Transcribe everything in the records exactly. Skip the images.

____

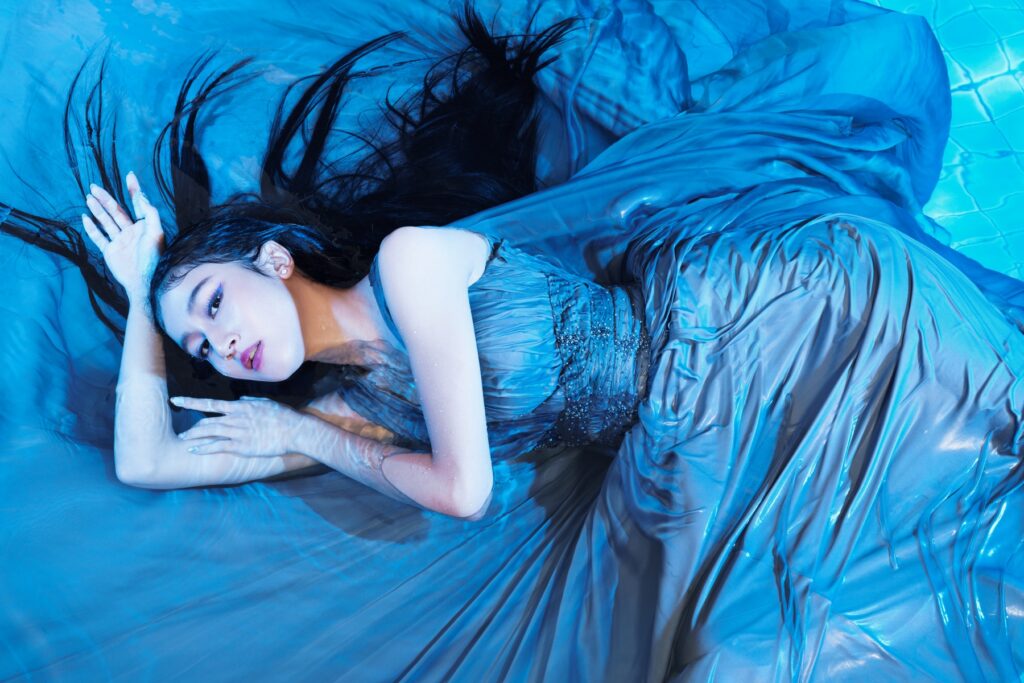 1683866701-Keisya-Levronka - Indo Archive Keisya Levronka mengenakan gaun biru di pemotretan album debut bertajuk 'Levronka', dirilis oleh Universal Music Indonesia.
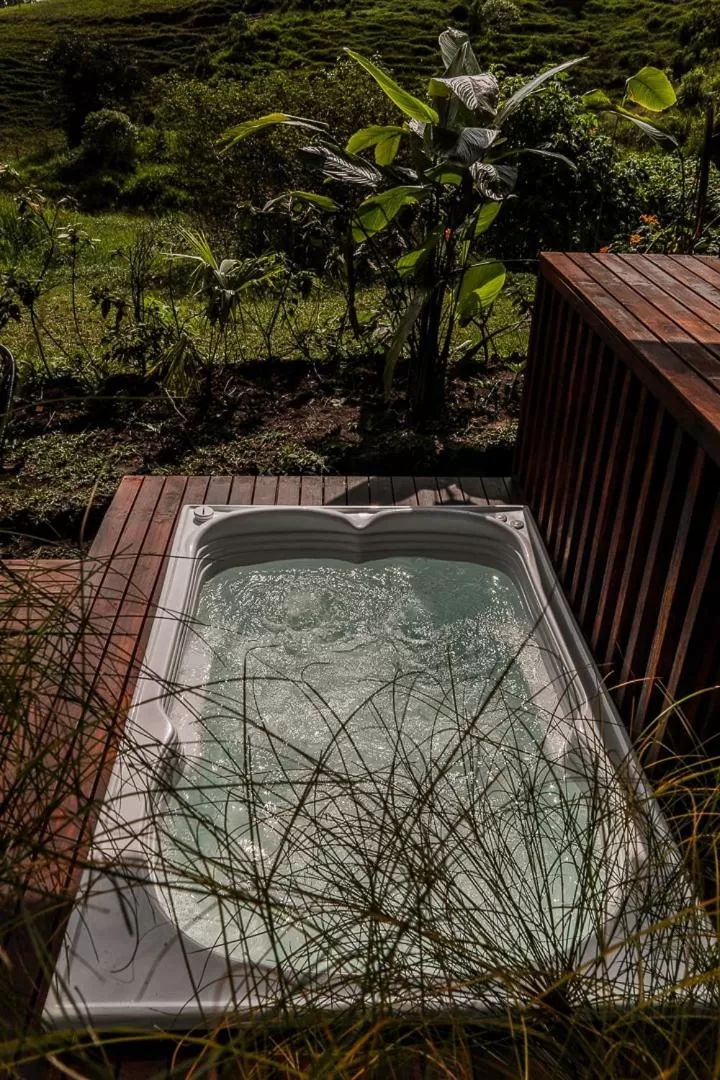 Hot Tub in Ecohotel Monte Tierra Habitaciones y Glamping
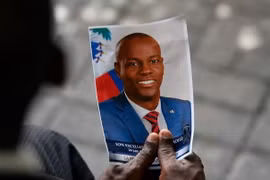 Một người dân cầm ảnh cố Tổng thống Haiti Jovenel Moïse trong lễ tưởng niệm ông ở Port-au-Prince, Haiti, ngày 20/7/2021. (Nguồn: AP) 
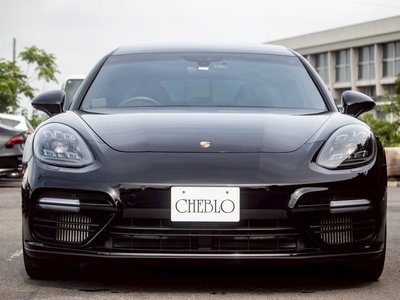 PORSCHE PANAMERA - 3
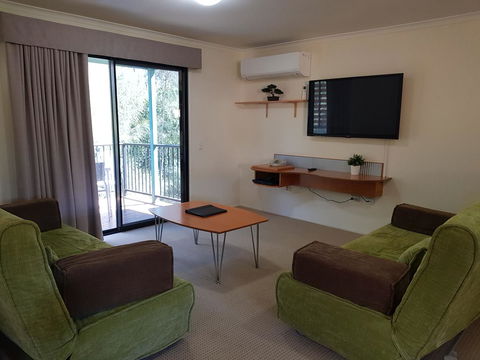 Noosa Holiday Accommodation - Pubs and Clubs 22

____

§ **FINAL ANSWER**:
 1683866701-Keisya-Levronka - Indo Archive Keisya Levronka mengenakan gaun biru di pemotretan album debut bertajuk 'Levronka', dirilis oleh Universal Music Indonesia.
 Hot Tub in Ecohotel Monte Tierra Habitaciones y Glamping
 Một người dân cầm ảnh cố Tổng thống Haiti Jovenel Moïse trong lễ tưởng niệm ông ở Port-au-Prince, Haiti, ngày 20/7/2021. (Nguồn: AP) 
 PORSCHE PANAMERA - 3
 Noosa Holiday Accommodation - Pubs and Clubs 22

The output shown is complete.